* _Dataset extract_
======
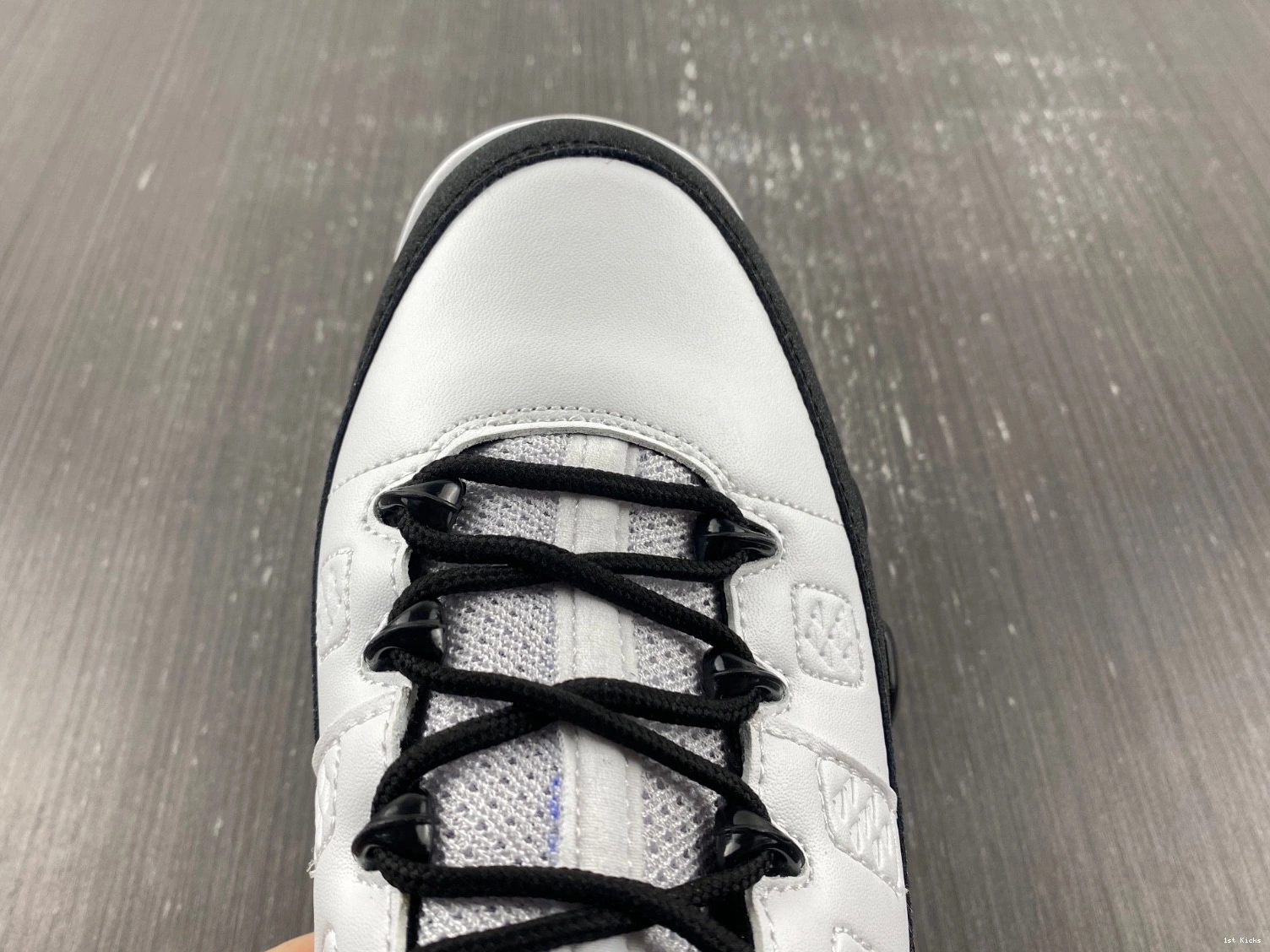Blue University CT8019-140 Retro Jordan - 9 0912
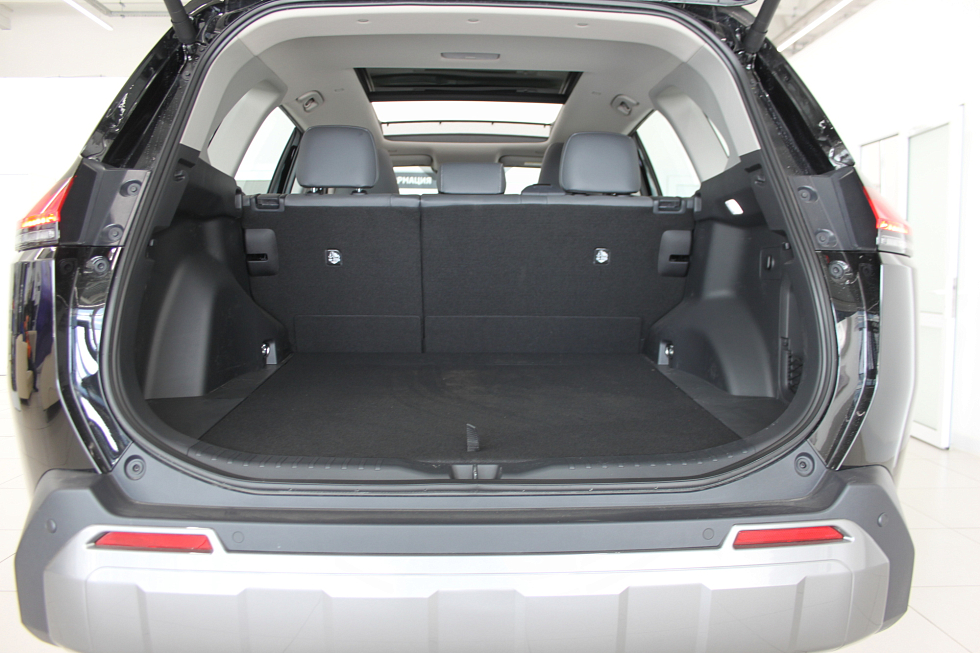 Toyota RAV4 Luxury, черный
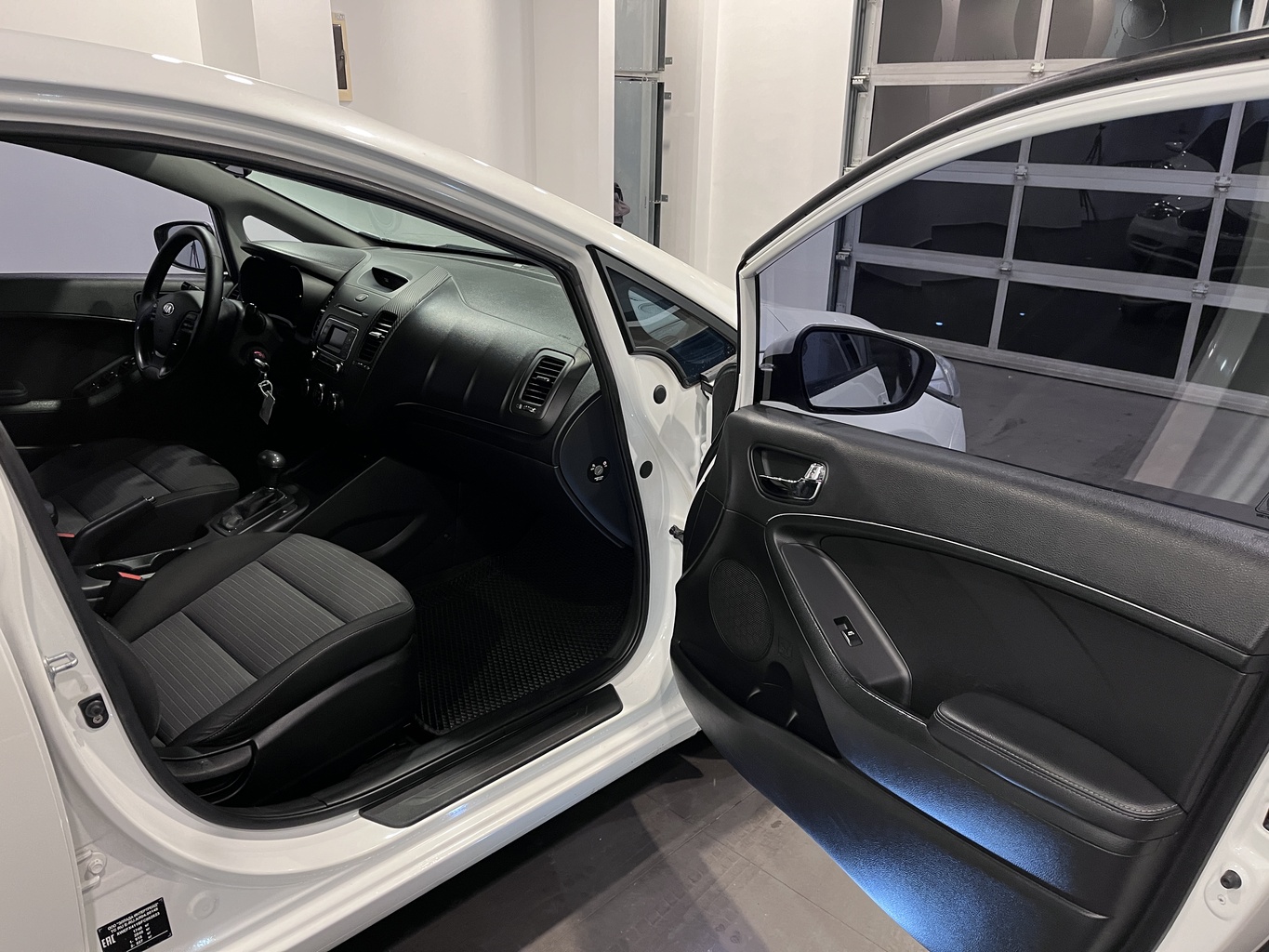 KIA CERATO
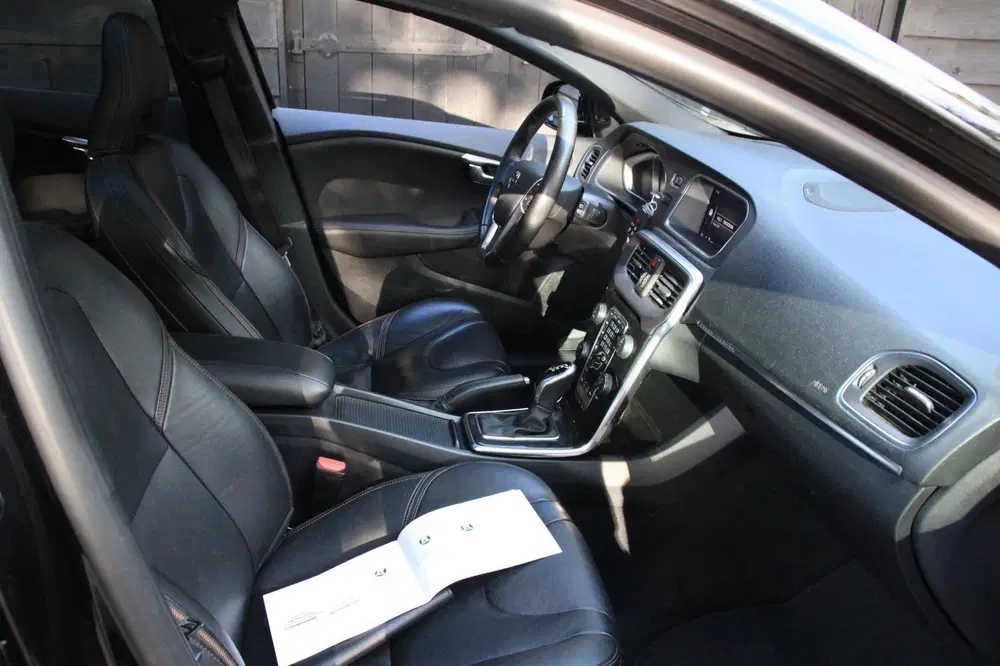 Volvo V40 Cross Country 1.5 T3 Polar+ Luxury Panorama uit 2019, foto 12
======
* _Instructions to follow_
A verbatim copy of the data, pictures removed, is the expected result.

* _Written reply_
Blue University CT8019-140 Retro Jordan - 9 0912
 Toyota RAV4 Luxury, черный
 KIA CERATO
 Volvo V40 Cross Country 1.5 T3 Polar+ Luxury Panorama uit 2019, foto 12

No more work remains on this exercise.